Ces combats ont été meurtriers. Du côté de l'armée, les pertes furent de 108 tués et 620 blessés, tandis que les insurgés eurent 430 tués et 1.200 blessés. Moins bien armés, indisciplinés, ils souffrirent plus que leurs adversaires. La première journée fut la plus sanglante pour les Belges. C'est cependant le 23 que les insurgés étaient le moins nombreux, (quelques centaines pendant les premières heures du combat), mais la lutte était âpre et la protection malaisée.
Ainsi tombèrent à Bruxelles des journaliers, des ouvriers, des artisans, des petits commerçants, des domestiques, des employés et quelques membres des professions libérales, artistes ou écrivains, beaucoup de pauvres diables et peu de vrais bourgeois. Le petit peuple de Bruxelles fournit le plus fort contingent de combattants le premier jour.
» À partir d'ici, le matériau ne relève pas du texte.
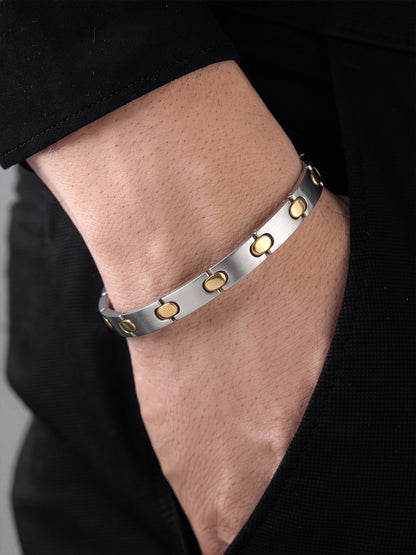 Marek Link Silver - 18K Gold Plated Men's Bracelet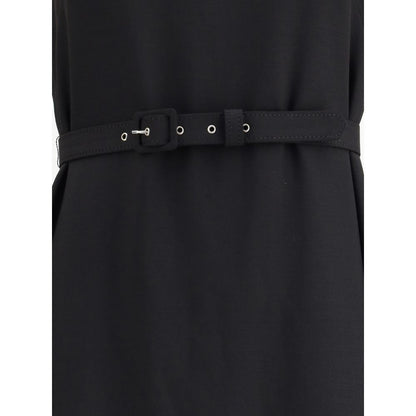 Sara Roka Black Belted Wool Blend Sheath Dress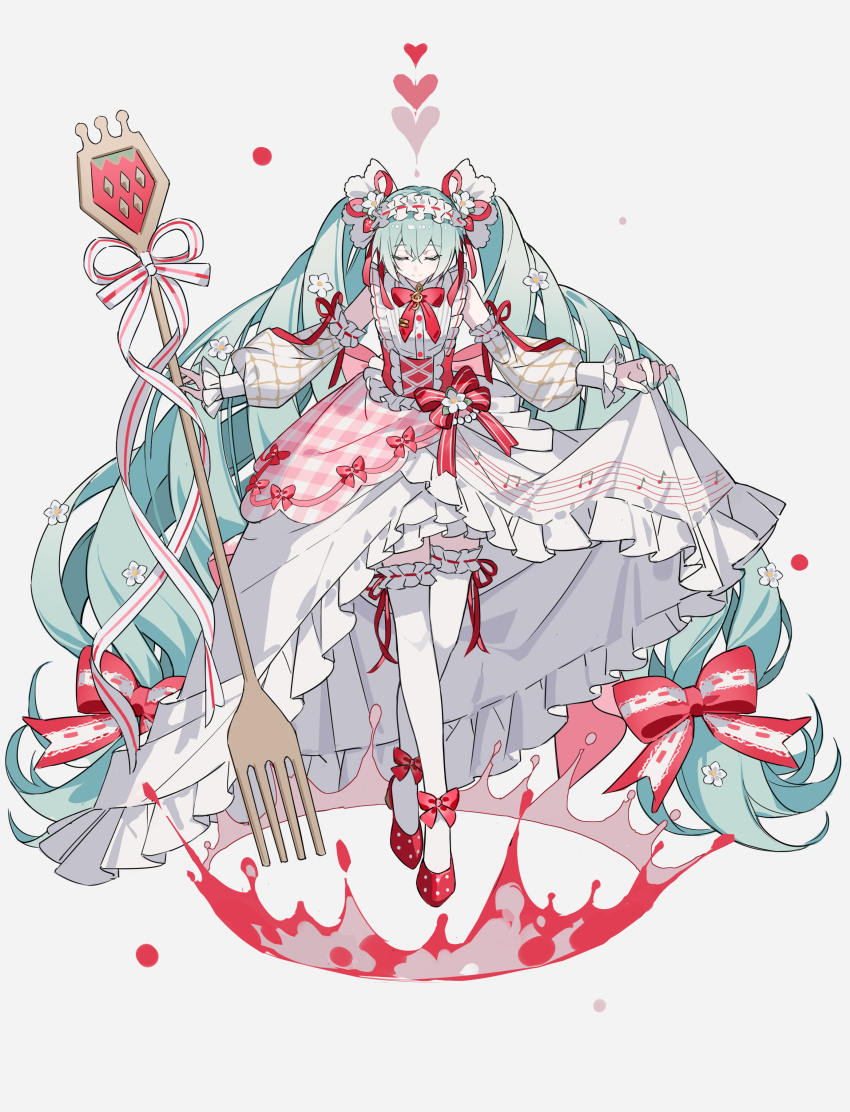 1girl absurdres aqua_hair aqua_nails bow bowing bowtie buttons closed_eyes closed_mouth collared_shirt commentary cross-laced_clothes crossed_bangs crossed_legs curtsey detached_sleeves english_commentary flower fork frilled_shirt frilled_skirt frilled_sleeves frilled_thighhighs frills full_body grey_background hair_between_eyes hatsune_miku headdress heart highres holding holding_fork kazenemuri long_hair long_sleeves nail_polish oversized_object patterned_clothing plaid polka_dot polka_dot_footwear puffy_long_sleeves puffy_sleeves red_bow red_bowtie red_footwear red_ribbon ribbon shirt sidelocks simple_background skirt sleeveless sleeveless_shirt smile solo musical_staff standing strawberry_miku_(morikura) thighhighs twintails very_long_hair vocaloid white_flower white_headdress white_ribbon white_shirt white_skirt white_thighhighs zettai_ryouiki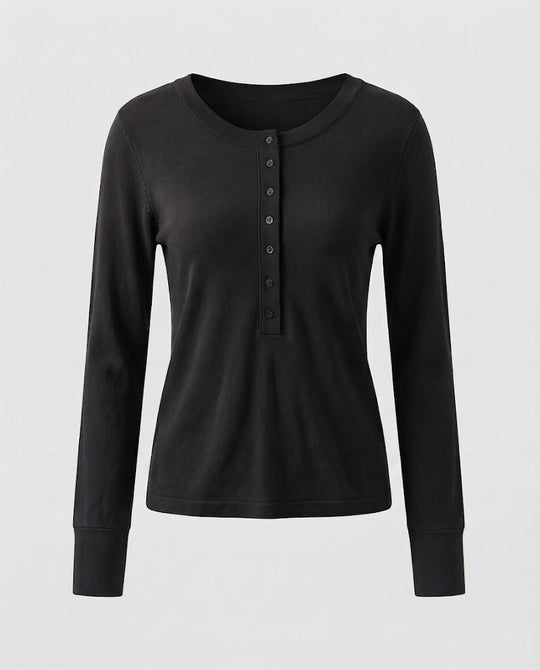 Damen Feines Langarm-Henley aus Feinstrick mit knöpfbarer Mittelblende und schmaler Passform Shop Nory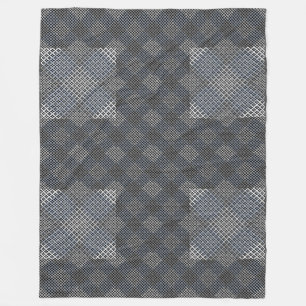 Controlepatroon diagonaal 2tones.bx4x4 BLK BG Fleece Deken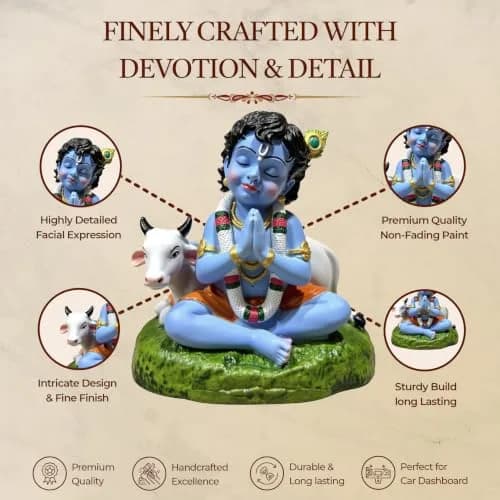UNOVATE Krishna Idol for Car Dashboard | Krishna Murti for Home | Blue Matte Finish Resin Statue 8cm (3.15in) thumbnail 3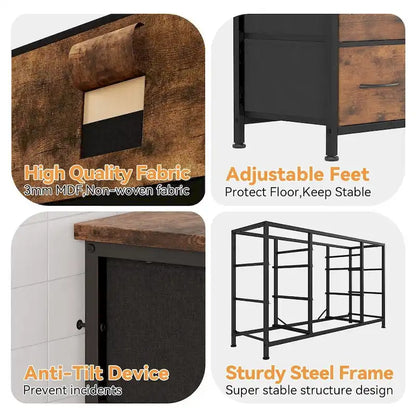 Commode de chambre à coucher avec 10 grands tiroirs pour meuble TV de 55 pouces de long - 55 pouces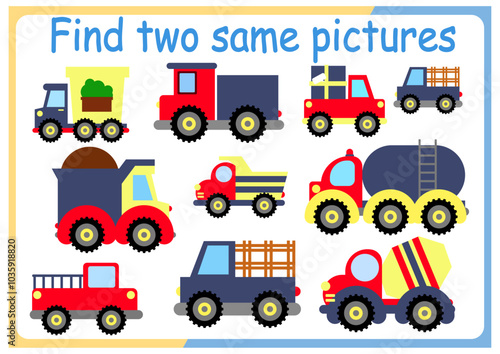 Find two identical pictures kids puzzles vector illustration. Activity for preschool children with comparing objects and finding 2 identical ones.	
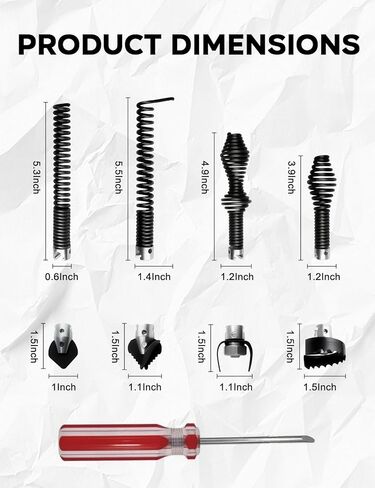 10 قطع من قاطع ثعبان الصرف ومجموعة قطع مثقاب الصرف مع قفاز مناسب لكابل ثعبان الصرف RIDGID C8 62270/قاطع عالي التحمل/مثاقب مناسب لكابلات الصرف المقسمة RIDGID 5/16 بوصة، 3/8 بوصة، 5/8 بوصة in Kuwait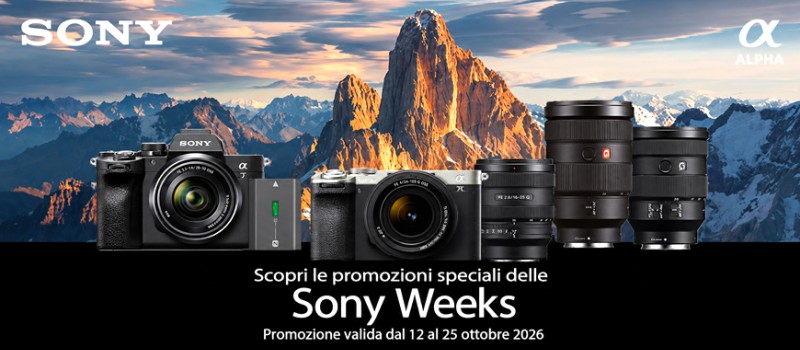 Sony Weeks: sconti in cassa su fotocamere e obiettivi dal 12 al 25 ottobre 2026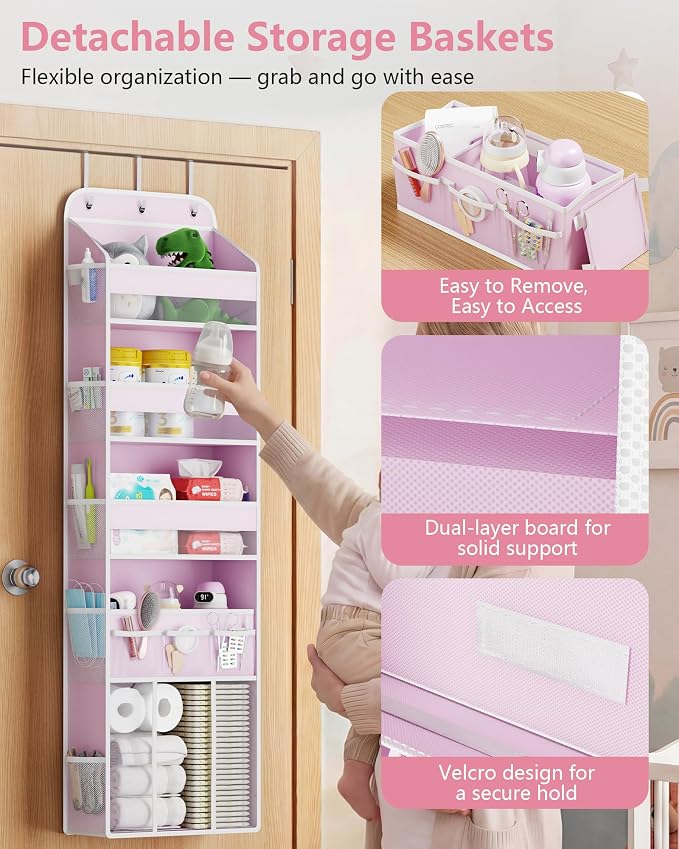OneDream 5-Tier Over the Door Organizer, Baby Clothes Organizer for Nursery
A ses côtés se battirent ce jour-là, avec l'énergie du désespoir, des bourgeois hardis, les volontaires liégeois et les petits groupes d'hommes décidés arrivés de la province depuis le début du mois ainsi que des étrangers, fanatiques de la liberté.
Quand l'armée fut bloquée dans le Parc, des bourgeois de Bruxelles reprirent courage, des paysans des communes voisines accoururent et s'amenèrent bientôt des villes, des bourgs et des hameaux du Brabant wallon et du Hainaut, des journaliers, des artisans, des ouvriers, des cultivateurs, d'enragés braconniers, conduits par d'anciens grognards, par des rentiers, par des avocats, par des industriels.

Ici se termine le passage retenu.